It's post-colonial, it's Brexit, yeah, exactly.
It's this idea that Britain was once this kind of very precise,
very white, very kind of...
It's a country, the country it's never been.
Yes.
Because it's always been a bastard nation,
made up of the hundreds and hundreds of different other countries
that have swarmed through here at one point.
So, you know, it's an interesting snapshot of a London, of a Britain,
that has this idea in its head of a country that never really existed.
Yes.
And that's the interesting thing about Daniel Stavies, in many respects,
is that he puts himself as like the kind of the last lone gunman on the horizon of old and
new Britain.
Yes, but he's not a racist, he's a compassionate, he's portrayed as a compassionate man isn't
he?
No, he's not, but the environment, the world that they're building up is kind of like Britain
is not the country it used to be. Yes, because of all these people.
There's still a few good old British people,
and Dangerous Davies is one of them,
but actually his character is a bit more empathetic.
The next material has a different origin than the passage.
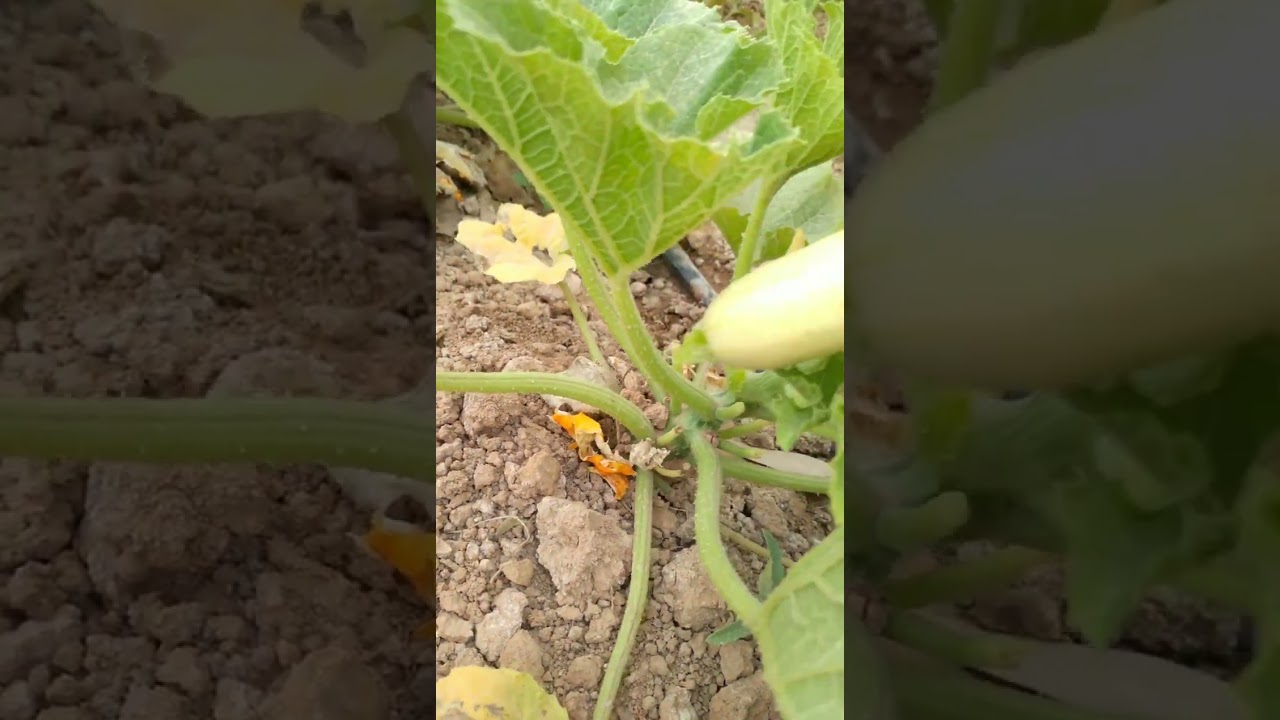 مشكلة اصفرار وموت ثمرة الكوسا وحل المشكلة بشكل نهائي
Well, a lot more empathetic.
Now we're coming round onto Shoot-Up Hill.
This is Shoot-Up Hill.
Opposite Kilburn Station.
And where's our next location?
Our next location will be Kilburn Library in Queen's Park, which is where he does it with his sidekick,
who is played by...
Bill Mayhew, I think it was.
I can't remember now.
I've said it before.
Yes.
All right.
No, no.
I've said it before.
I fucking said it already.
I fucking did, though.
This is Kilburn Station.
Many a time we came past here to buy drugs
from a dodgy place above a stupid wall.
Just down there.
That's shut.
Anyway, look at this.
It's a beautiful metropolitan rail bridge from 1914,
which is beautiful, isn't it?
What's it say?
Something metropolitan?
It says Metropolitan Railway.
Well, that's when it was a railway.
Yeah, but the Met doesn't...
The funny thing is, that's for the Met, the Met line,
and it doesn't stop here in Kilburn, does it?
No.
It goes past, doesn't it?
If you get the fast train up to Harrow,
you can get the Met line up to Harrow, can't you? And it just goes through this station. That's a lovely bridge, isn't it? No. It goes past doesn't it? It goes if you get the fast train up to Harrow you can get the
Met line up to Harrow can't you? And it just goes through this station. It goes straight through.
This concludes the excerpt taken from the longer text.